Originaltitel: 25TH HOUR
USA 2002, 135 min
Verleih: Buena Vista
Genre: Drama, Gangster
Darsteller: Edward Norton, Seymor Hoffman, Rosario Dawson, Anna Paquin
Regie: Spike Lee
Wenn einen nur noch Tagesfrist von der Hölle trennt - 24 Stunden bis zum Antritt einer siebenjährigen Gefängnisstrafe - könnten Abschiedsgesten, Anstandsbesuche bei Eltern und Bekannten eigentlich sehr knapp ausfallen, damit genügend Zeit bleibt, die himmlische Luft der Freiheit bis zur Neige auszukosten. Doch Drogendealer Monty hat noch einen ganzen Berg von Rechnungen zu begleichen.
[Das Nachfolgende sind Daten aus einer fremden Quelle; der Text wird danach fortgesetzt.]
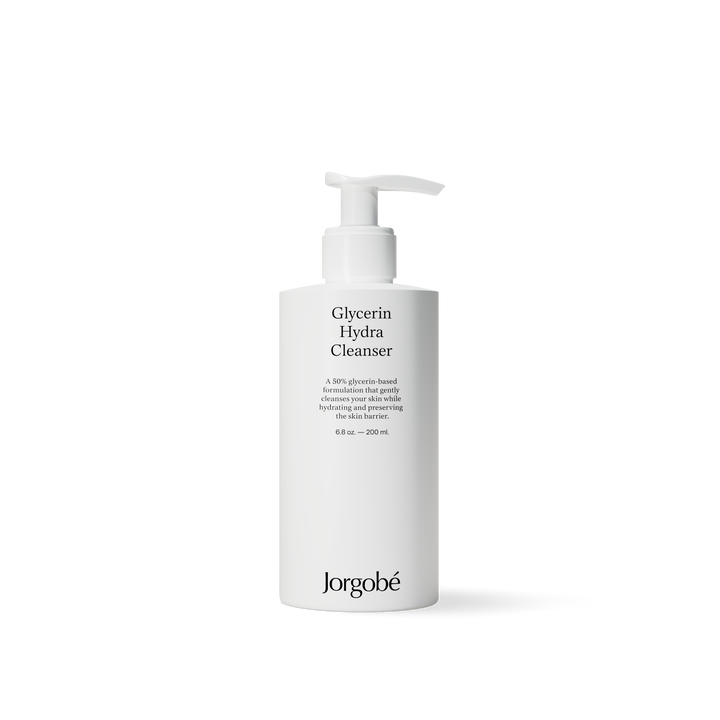 Jorgobé Glycerin Hydra Cleanser 200ml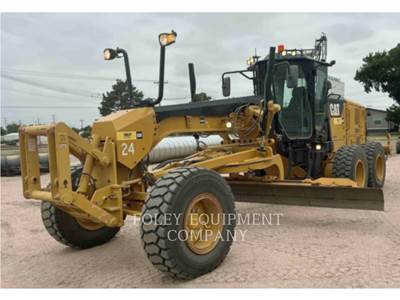 Caterpillar 140M2 Motor Grader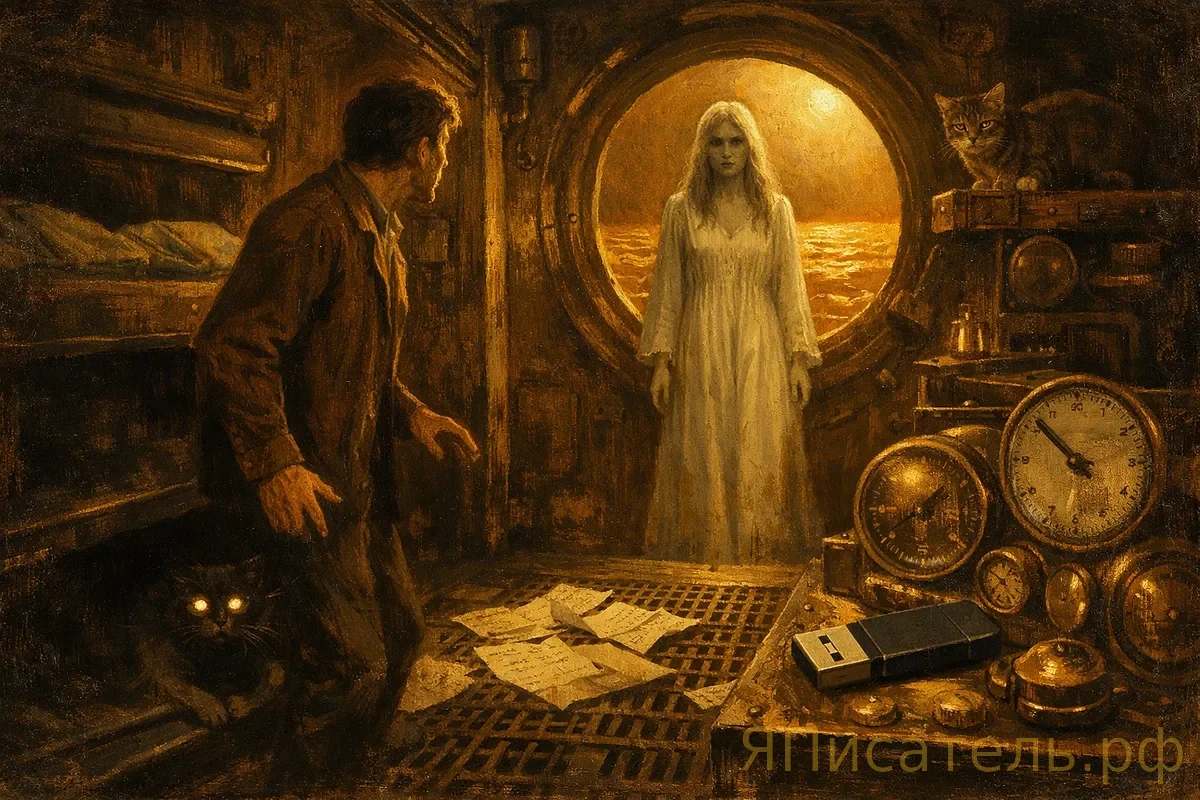 «Солярис» Лема: экспертиза романа, который не ответит на ваши вопросы — и будет прав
Vor allem muß er wissen: Wer hat ihn verraten?
Nach einem Roman von David Benioff hat Regisseur Spike Lee eine Befindlichkeitsstudie, ein Persönlichkeits-Profil dieses Mannes angefertigt. Montys Freunde, die schöne Naturelle, Bekannte und Kollegen aus der kriminellen Arbeitswelt und schließlich sein Vater helfen beim Zusammensetzen des Bildes. Es bleibt diffus: ein Drogendealer, dem als Schüler alle Türen zu einer rechtschaffenen Karriere offenstanden, ein aufopferungsvoller Sohn, dem kein Geschäft zu dreckig war, um seinem Vater zu helfen, ein knallharter Unterweltler, der seine Freundin zärtlich und wirklich liebt. Das Unentscheidbare, das Schwebende dieses Charakters wird auf einer seltsam fahlen visuellen Oberfläche weiter zerstreut - und die Zeit dehnt sich. Während im Hintergrund der gnadenlose Countdown zur Eile drängt, übt sich Monty in Selbstreflexionen, prüft die Tragfähigkeit seiner Beziehungen, suhlt sich in Mißtrauen und Ohnmacht. Selten bemüht sich Lee, die Reise anzutreiben: Er zelebriert eine Abschiedstournee - Schuld und Sühne, Aufarbeitung eines Lebens, Aufräumen, Ordnungseinsatz für die reibungslose Nachlaßverwaltung, als hätte sein krimineller Sympathieträger alle Zeit der Welt. Während die Hauptfigur mit aller glaubwürdigen Zerrissenheit eines Antihelden ausstattet ist, erlaubt sich Lee für andere Figuren einebnende Vereinfachungen. Da müssen Montys engste Freunde ein Harter und ein Zarter sein, ein kaltschnäuziger Börsenmakler und ein butterweicher Lehrer.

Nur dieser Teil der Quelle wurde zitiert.